The Essential Difference Between
The Feeling Principle And The Body

56. We have to be clear about our need for a word other than `body' to indicate the principle of the phenomena of sensation. We can understand this need by noting the different and even opposite characteristics of the two series of phenomena of which we are speaking, that is, the external phenomena of bodies, and the internal phenomena of sensation. When these differences have been established, the distinction and even opposition of their separate principles, which have rightly been called body and soul, will be apparent.

This kind of explanation brings in its wake the special advantage of providing my argument with a foundation totally independent of the way in which words are used. In showing the existence in nature of two quite distinct series of phenomena, the consequent necessity of indicating their two distinct principles will require the use of two separate names. If the words body and soul are then denied me, it will still be necessary to substitute two other words in their place, which is perfectly satisfactory provided there is agreement about the matter in itself. However, once the necessity of two names has been established, there should be no difficulty even in the choice of words, and I am sure that I will be permitted the word body to indicate the principle of purely material phenomena, and soul to indicate the principle of sensation.

57. The nub of the problem lies in observing the difference between material phenomena and the phenomena of sensation. Let us imagine, then, that we have in front of us a human being, or any animal whatsoever, affected by various sensations. And to make the matter clearer, let us imagine that these sensations are of extreme violence. We perceive this animal with our senses, each of which plays its part in receiving the sensations the animal produces in us. But amongst all the sensations of sight, touch and so on that we have received, there is no trace of the extraordinary pleasure or violent pain that we suppose to be present within the animal. Its pleasure or pain will, of course, have produced contractions and alterations in different parts of its body, and these serve as a sure sign of the pain or pleasure it experiences. In the case of a human being, change of facial colour, wide-open eyes, gritting of the teeth, uncontrolled rigidity or flexibility of the body, and other effects of intense pain, even when not accompanied by groans and screams, show us what the other is suffering. We are not asking, however, if we know another's pain through the effects the suffering produces in the state and shape of his body. We are asking whether we perceive the pain itself or simply the effects of the pain when we see and touch him. Do we see, touch, hear, smell or taste his suffering with our own senses?

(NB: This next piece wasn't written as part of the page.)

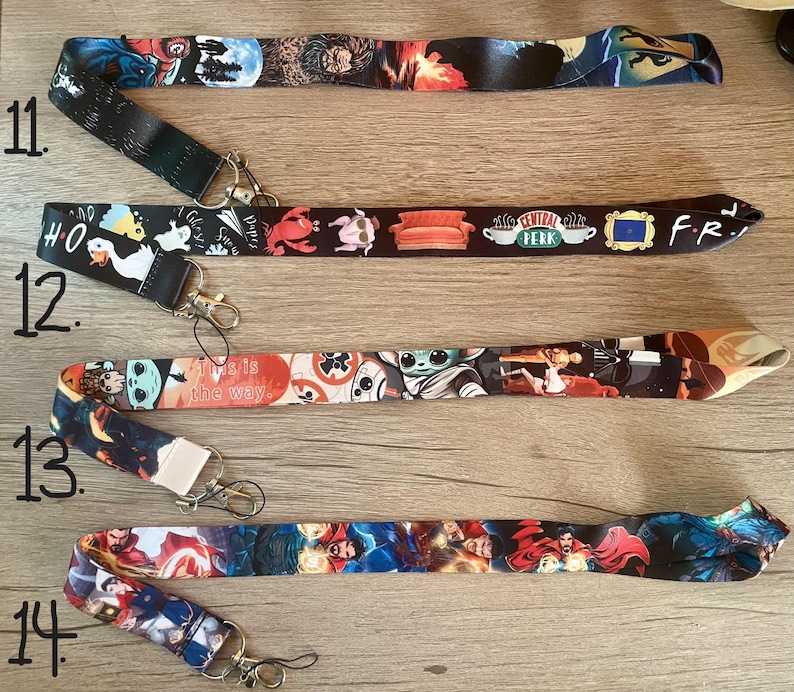 May include: Ten colorful lanyards with different designs, including a Stranger Things design, a Friends design, a Baby Yoda design, and a Marvel design. The lanyards are numbered 11 through 14.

We must answer `No' unhesitatingly. Our sense-organs experience bodies only in so far as bodies are coloured, hard, impenetrable, sonorous, odiferous, tasteful or possess similar feelable qualities which are very different from the other person's pain. The pain, in other words, is not a body.

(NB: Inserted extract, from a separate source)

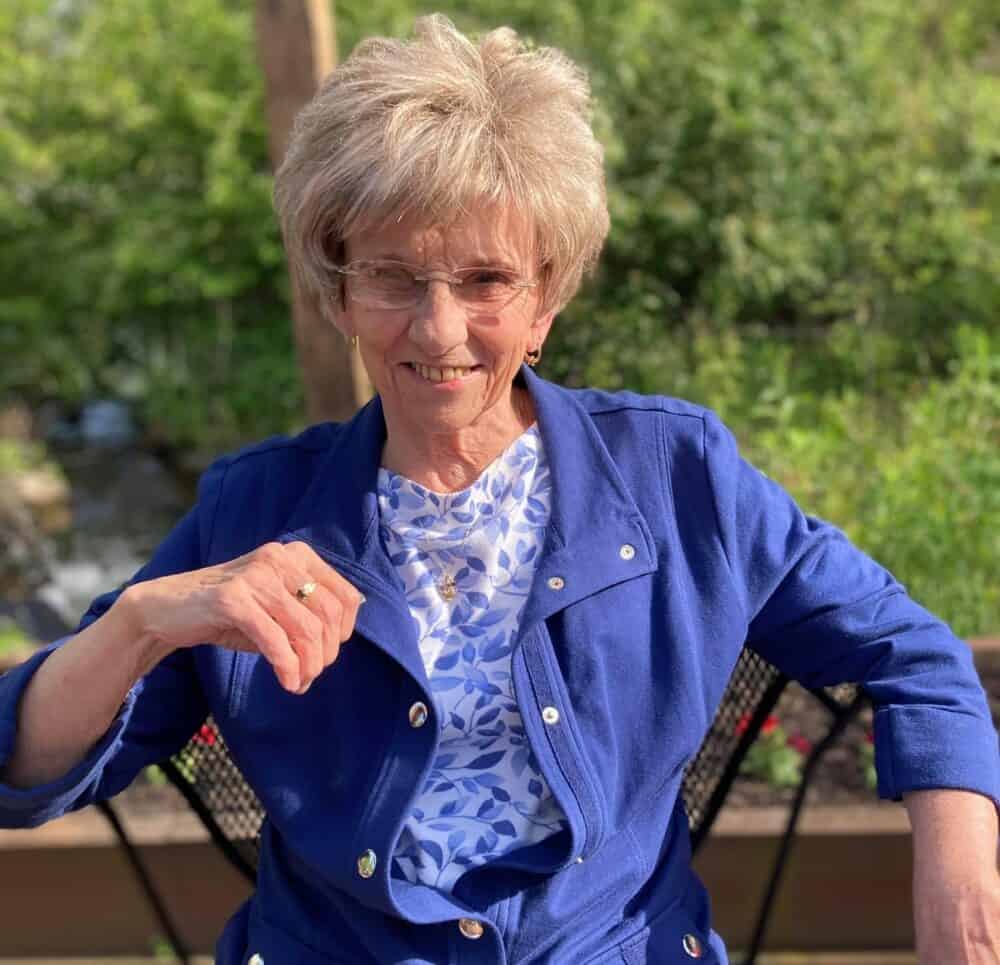 Senior woman smiling outside at a senior living facility in Greenwood, Indiana.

If I still doubt whether the pain is a body, I can go on to ask myself what colour, shape, hardness, weight, movement, smell or taste it manifests. The question shows immediately how absurd it is to suppose that the pain is a body, or possesses the qualities proper to bodies. And yet, if the pain were perceived by us with our sense-organs, it would have to possess feelable qualities of one kind or another.

This kind of argument is easy to follow, and each one can conclude for himself: 1. that neither the pain nor the pleasure experienced by another person falls under our senses - it is impossible to imagine that another's pain is a body, that is, a being capable of stimulating our sense-organs; 2. that we knew the other was suffering not because we perceived the pain with our senses, but because we perceived the effects produced by the pain and apparent on his body (change of colour, and so on). We made a rapid calculation and reasoned from the signs to what was signified, that is, from the effects to the cause and concluded that the person was in great pain because his body showed phenomena normally associated with suffering.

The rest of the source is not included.